[Input material]

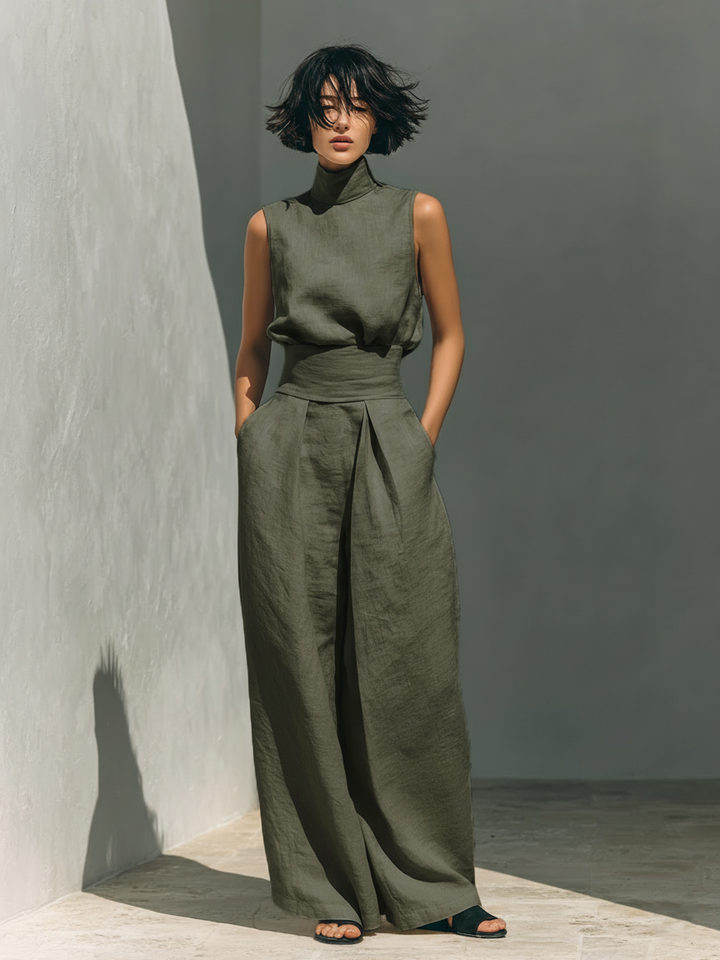 Desiree | Minimalist Tank Top & Wide-Leg Pants Set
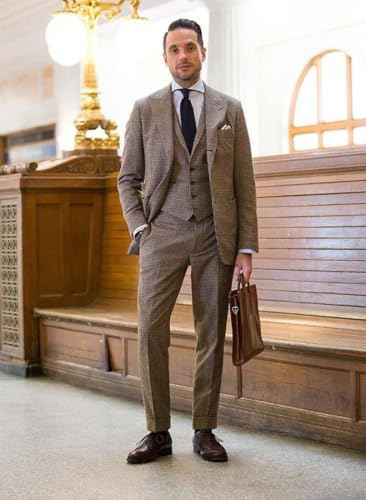 Kromoc Men's Houndstooth Peak Lapel Suit Prom 3-Piece Jacket Vest Pants Wedding Casual Daily4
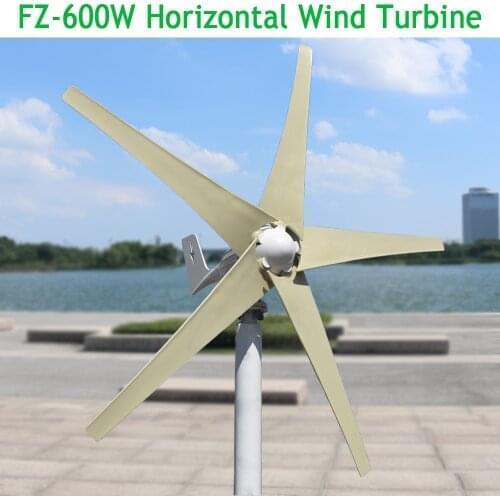 400W 12V 24V 5 blades for home residential low start up wind turbine generator kit+ MPPT charge controller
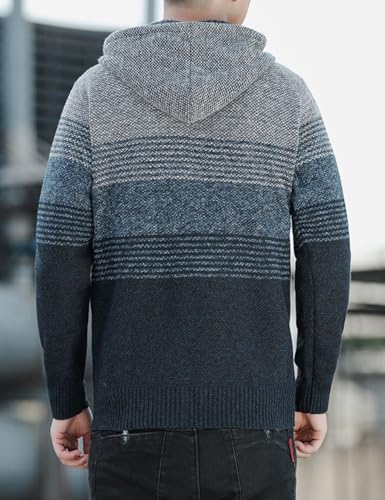 Image of Kinkia Men's Zip Up Hoodies Casual Long Sleeve Full Zipper Sherpa Fleece Lined Knit Cardigan Sweater Jacket with Pockets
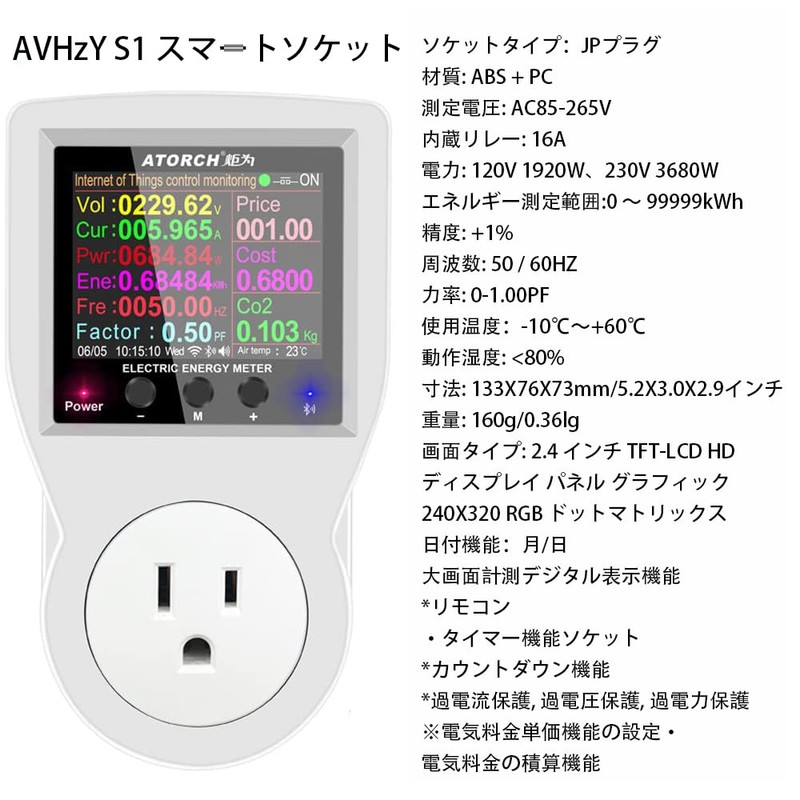 WiFi Watt Meter, Plug-in JP Socket Power Meter, Electricity Bill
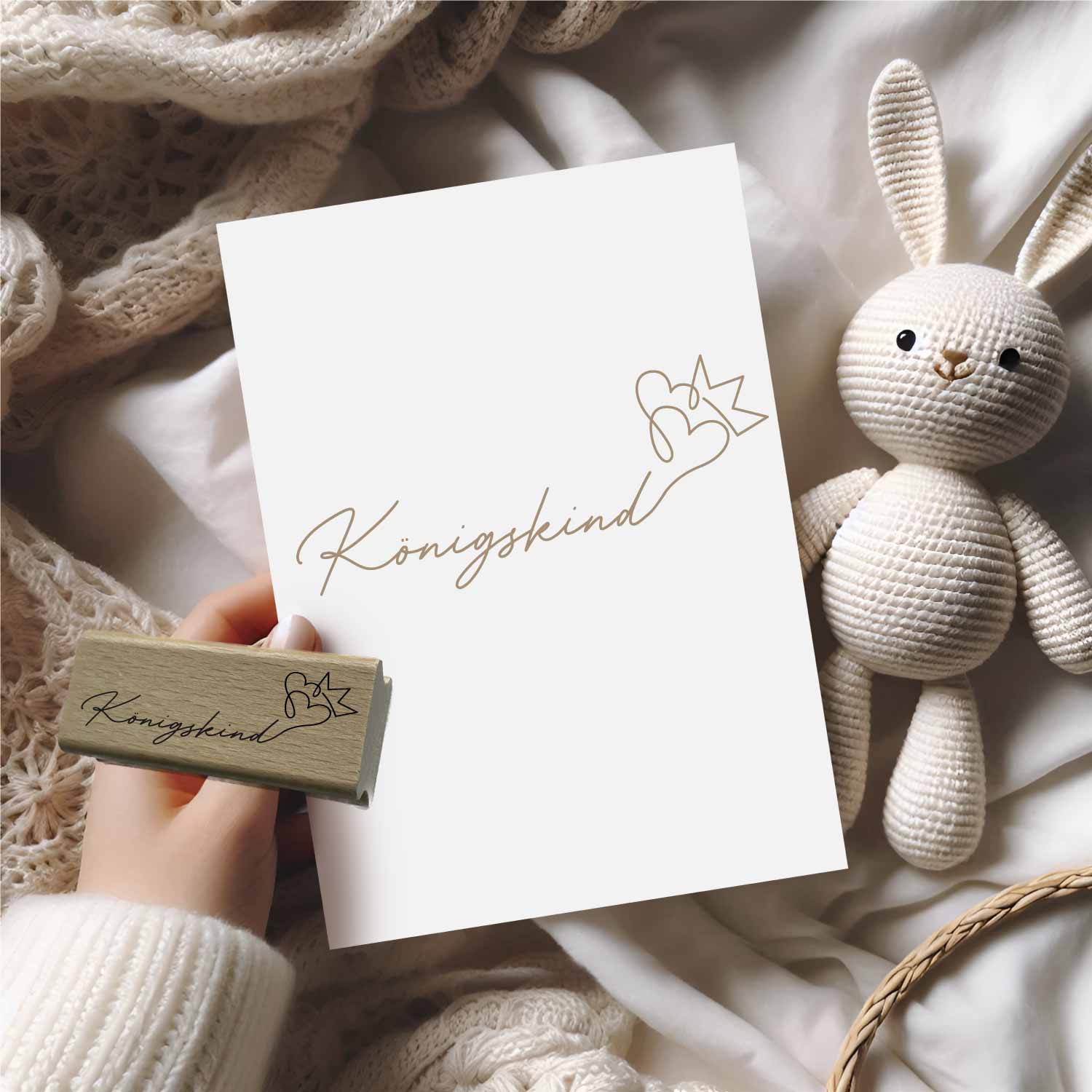 Stempel Königskind | Christlicher Spruchstempel Kind Gottes | für Jungs, Taufe, Kommunion & Glaube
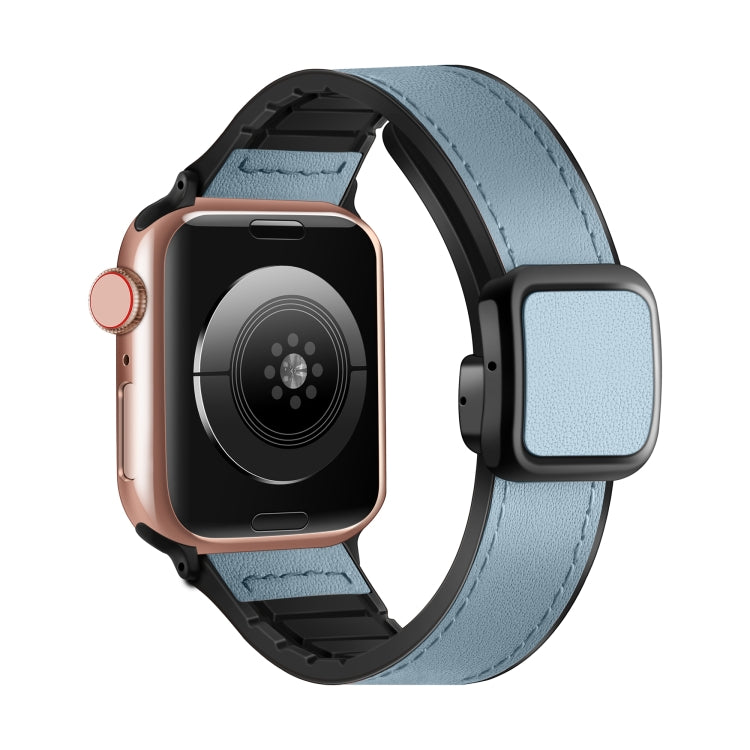 折りたたみマグネティックスクエアバックルPUシリコンウォッチバンド、Apple Watch Series 4 44mm用、Apple Watch Series 4 40mm用、Apple Watch Series 3 38mm用、Apple Watch Series 3 42mm用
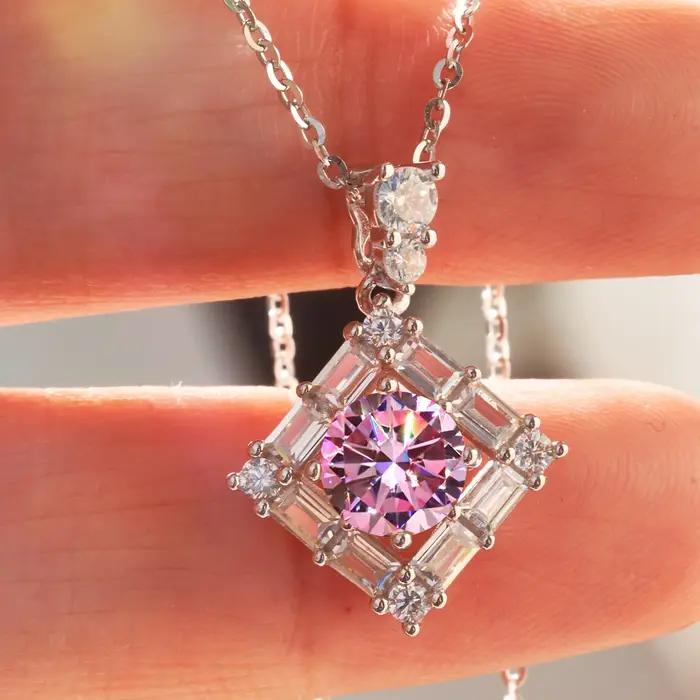 Collier Moissanite avec Pendentif Rond Plaqué Or Blanc 18K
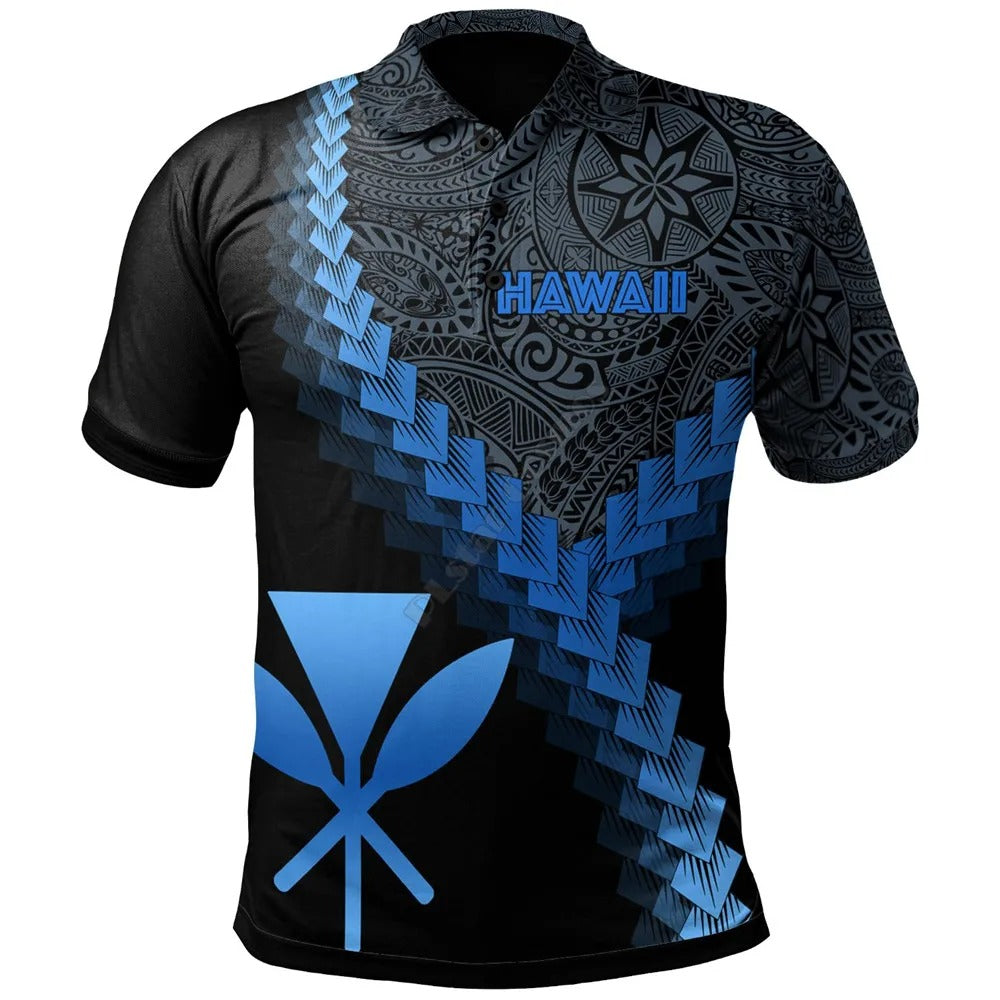 Hawaii Kanaka Coat Of Arms With Polynesian Tattoo Polo Shirt For Men/Women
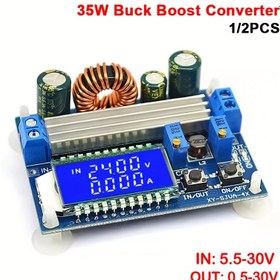 Resim 1/2 adet 35W DC 5.5-30V'den 0.5-30V'ye Dijital LCD Ekran Otomatik Yükseltme/Aşağılatma Dönüştürücü Güç Modülü Ayarlanabilir Kart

[/Input material]

## Task brief
The lines from the one containing "WiFi Watt Meter, Plug-in" through the last line of the records are what you should copy, word for word and nothing else, with pictures left out.

## Response area
 WiFi Watt Meter, Plug-in JP Socket Power Meter, Electricity Bill
 Stempel Königskind | Christlicher Spruchstempel Kind Gottes | für Jungs, Taufe, Kommunion & Glaube
 折りたたみマグネティックスクエアバックルPUシリコンウォッチバンド、Apple Watch Series 4 44mm用、Apple Watch Series 4 40mm用、Apple Watch Series 3 38mm用、Apple Watch Series 3 42mm用
 Collier Moissanite avec Pendentif Rond Plaqué Or Blanc 18K
 Hawaii Kanaka Coat Of Arms With Polynesian Tattoo Polo Shirt For Men/Women
 Resim 1/2 adet 35W DC 5.5-30V'den 0.5-30V'ye Dijital LCD Ekran Otomatik Yükseltme/Aşağılatma Dönüştürücü Güç Modülü Ayarlanabilir Kart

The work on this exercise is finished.